This week has seen the launch of a new credit union for the retail sector. The credit union, called retailCURe is heralded to be a big boost for the sector. It is backed by a number of high street names including Debenhams and John Lewis and aims to give retail staff access to finance. Former Dragons Den star Theo paphitis has also backed the new venture revealing that he and his businesses have invested over £100,000 in the not-for-profit venture.

What Are Credit Unions?

Credit unions have been about for many years but they have become much more popular over the last few years. Essentially, they are financial co-operatives that are controlled and owned by their members, and are usually formed to help less well-off members of society to both save and access finance at cheaper rates. Whilst this is still generally the case, some are now targeting people of all incomes, offering them an alternative to other forms of finance such as bank and building society loans, credit cards, payday lenders and other alternative forms of finance.

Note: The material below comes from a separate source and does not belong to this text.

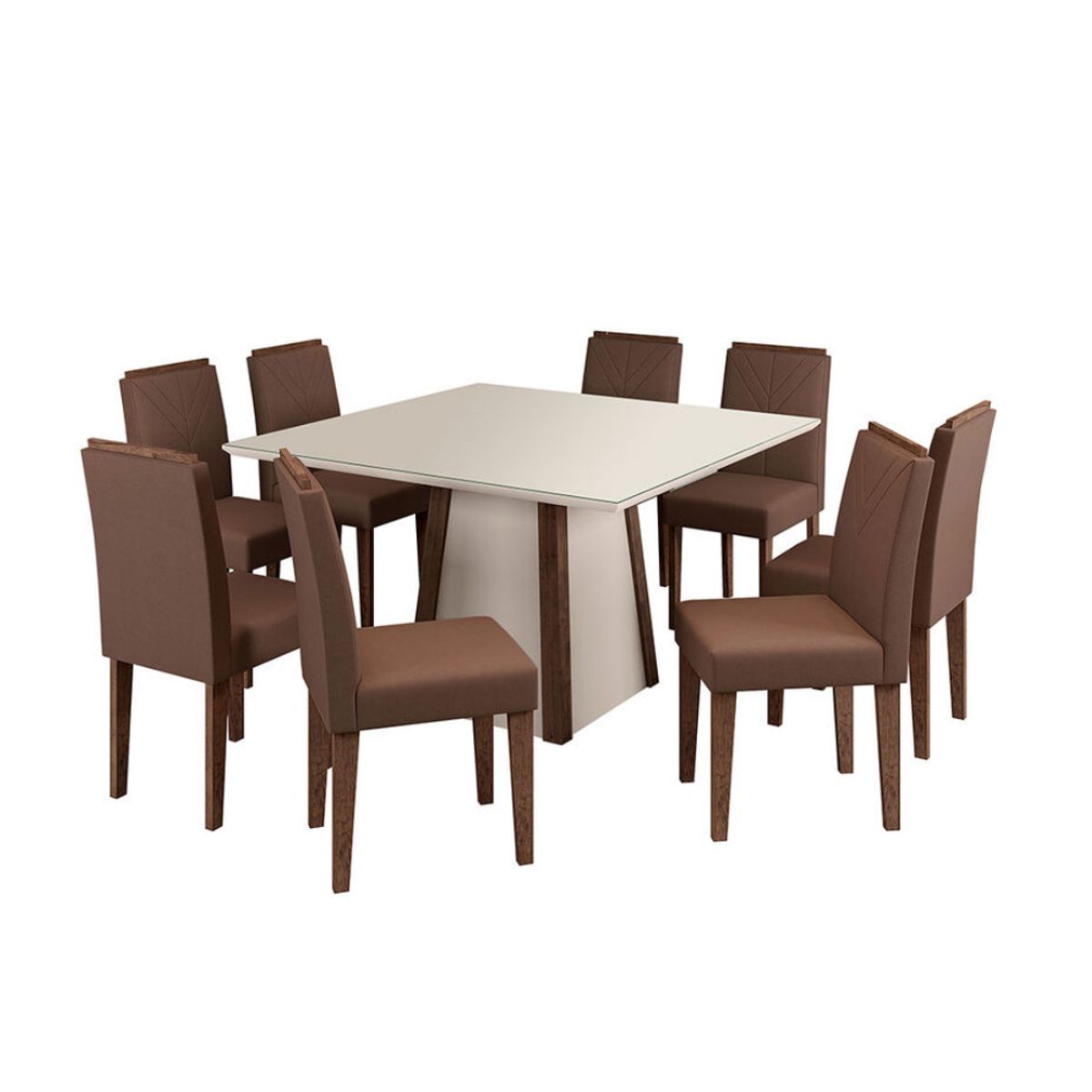 MODELARQ - COMEDOR 8 SILLAS IBERICA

Taking the example of the new retail credit union as an example, it’s clear that credit unions do have their uses. Membership of the new retail credit union is open to anyone who works in the retail industry directly or in a support role and who is over the age of 16. The retail sector is one of the lowest paid in the UK where the average wage in the sector fell by nearly 18% to £21,000 and has a high amount of part-time and zero hours contract workers. Therefore, there is no doubt that having a retail specific credit union is a good idea and can help such workers save and access credit.

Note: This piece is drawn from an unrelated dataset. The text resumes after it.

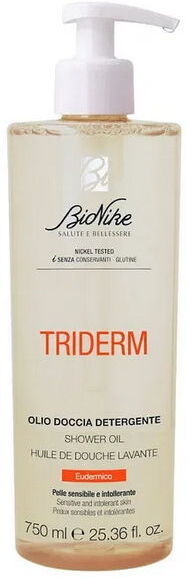Bionike Triderm Olio Detergente 750 Ml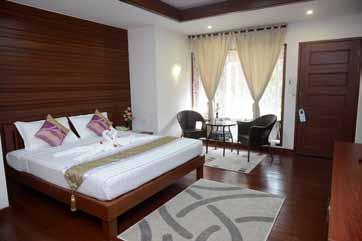 Home away from home in Myeik Eain Taw Phyu Hotel The hotel, however, is much more than a relaxing place to sleep.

Why Credit Unions Are Different To Payday Loans

There’s no doubt that credit unions have their place in the UK financial market and can be useful for many people but they are not a direct alternative to payday loans. There are two main reasons for this.

  • They are not accessible to everyone: Most credit unions have membership criteria. This is usually based on living in a particular place, working in a particular industry or for a particular organisation. This means that unlike payday lenders to whom anyone can apply, credit unions are not available to everybody in the UK.
  • You have to save with them first: This is the crucial difference between credit unions and payday lenders. With a payday lender, you can log onto a website 24 hours a day, 365 days per year and apply for a payday loan and often get the money within an hour. However, to access finance with a credit union you have to save with them for several months. This means that whilst it may be good to access finance for a planned purchase such as a new car, it’s no good for when you need emergency money for:
    • A boiler breakdown
    • A family emergency abroad
    • Urgent car repair
    • An unexpected bill

Credit unions have their place and are a welcome addition to the UK financial marketplace and are particularly welcome in sectors such as ritual that have been hit hard by the recent financial climate. However, should be seen as something that complements other sources of finance such as payday loans rather than a replacement.